The Wikipedia entry on Seahorse Courtship is both factually accurate and ridiculously well written and evocative. Go read it now. Or, I'll cut and paste here:
Courtship
When two parties discover a mutual interest at the beginning of breeding season, they court for several days, even while others try to interfere. During this time they have been known to change color, swim side by side holding tails or grip the same strand of sea grass with their tails and wheel around in unison in what is known as their “pre-dawn dance”. They eventually engage in their “true courtship dance” lasting about 8 hours, during which the male pumps water through the egg pouch on his trunk which expands and cleaves open to display an appealing emptiness. When the female’s eggs reach maturity, she and her mate let go of any anchors and snout-to-snout, drift upward out of the seagrass, often spiraling as they rise. The female inserts her ovipositor into the male’s brood pouch, where she deposits her eggs, which the male fertilizes. The fertilized eggs then embed in the pouch wall and become enveloped with tissue.[4] New research indicates the male releases sperm into the surrounding sea water during fertilization, and not directly into the pouch as was previously thought.[5] Most seahorse species' pregnancies last two to four weeks.
As the female squirts anywhere from dozens to thousands of eggs from a chamber in her trunk into the male pouch, her body slims while his swells. Both seahorses then sink back to the bottom and she swims away. Scientists believe the courtship behaviour serves to synchronize the movements of the two animals so that the male can receive the eggs when the female is ready to deposit them. The eggs are then fertilized in the father’s pouch which is coursed with prolactin, the same hormone responsible for milk production in pregnant women. He doesn’t supply milk, but his pouch provides oxygen as well as a controlled environment incubator. The eggs then hatch in the pouch where the salinity of the water is regulated; this prepares the newborns for life in the sea.[6][7] Throughout the male’s incubation, his mate visits him daily for “morning greetings”. The female seahorse swims over for about 6 minutes of interaction reminiscent of courtship. They change color, wheel around sea grass fronds, and finally promenade, holding each other’s tails. Then, the female swims away until the next morning, and the male goes back to vacuuming up food through his snout. [6]
Now, it's important for me to make it clear that I do not endorse using natural history/biological facts about non-human critters as justification for any social narrative about humans. But I do want to point out why the Seahorse's mating habits strike us as so interesting--they turn our narrative of "females have the babies, males just provide the sperm" on its head.

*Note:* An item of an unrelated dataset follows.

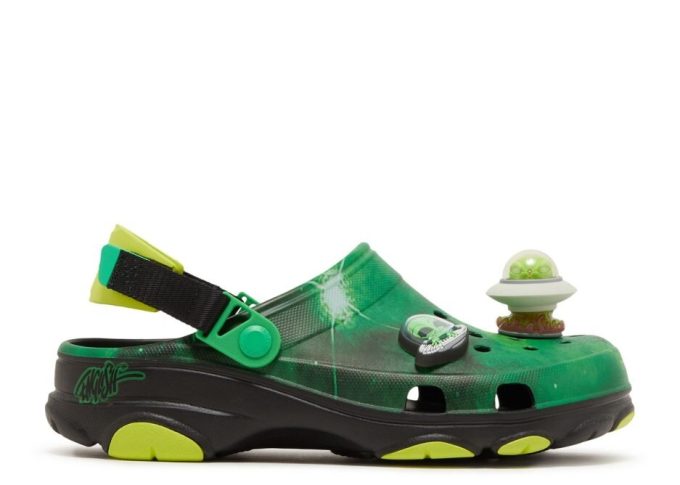 Ron English x All-Terrain Clog ”Area 54 – Green Galaxy” Ron English x All-Terrain Clog ”Area 54 – Green Galaxy”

We don't expect that a male would be the one to be pregnant, but that's exactly what happens in seahorses -- it is a full role reversal as far as pregnancy and birth-giving are concerned.
And apparently, trying to explain why this happens is a big challenge for scientists. One of the long-standing theories regarding sexuality in the animal kingdom is that the "less-invested" sex is the more aggressive and risk-taking. Edit: Male seahorses are the more aggressive sex, where "aggressive" means fighting with other seahorses, usually males. "Less-invested" here means that fewer personal resources are consumed in the creation of offspring. Apparently, while the male seahorse does invest a lot of his personal *time* into the gestation and incubation of the young, he still invests only half as much of his own personal resources (food-and-oxygen-derived energy) than the female does simply in producing the yolky eggs. However, some scientists think that that having the male do the gestation and incubation means that there are shorter birth intervals -- while the male is taking care of the young, the female can eat and rebuild her reserves and make another clutch of eggs.
And because I cannot help but anthropomorphize, let me just say Awwwwwwwwwww, seahorses are so darn cute!
Click to view
They are monogamous! They greet each other every day and swim around holding each others' tails, or holding on to the same bits of seaweed, and changing colors at each other. Their highly involved daily courtship appears to be very important in maintaining their monogamous relationship. She comes and visits him every day while he's pregnant! D'awwww!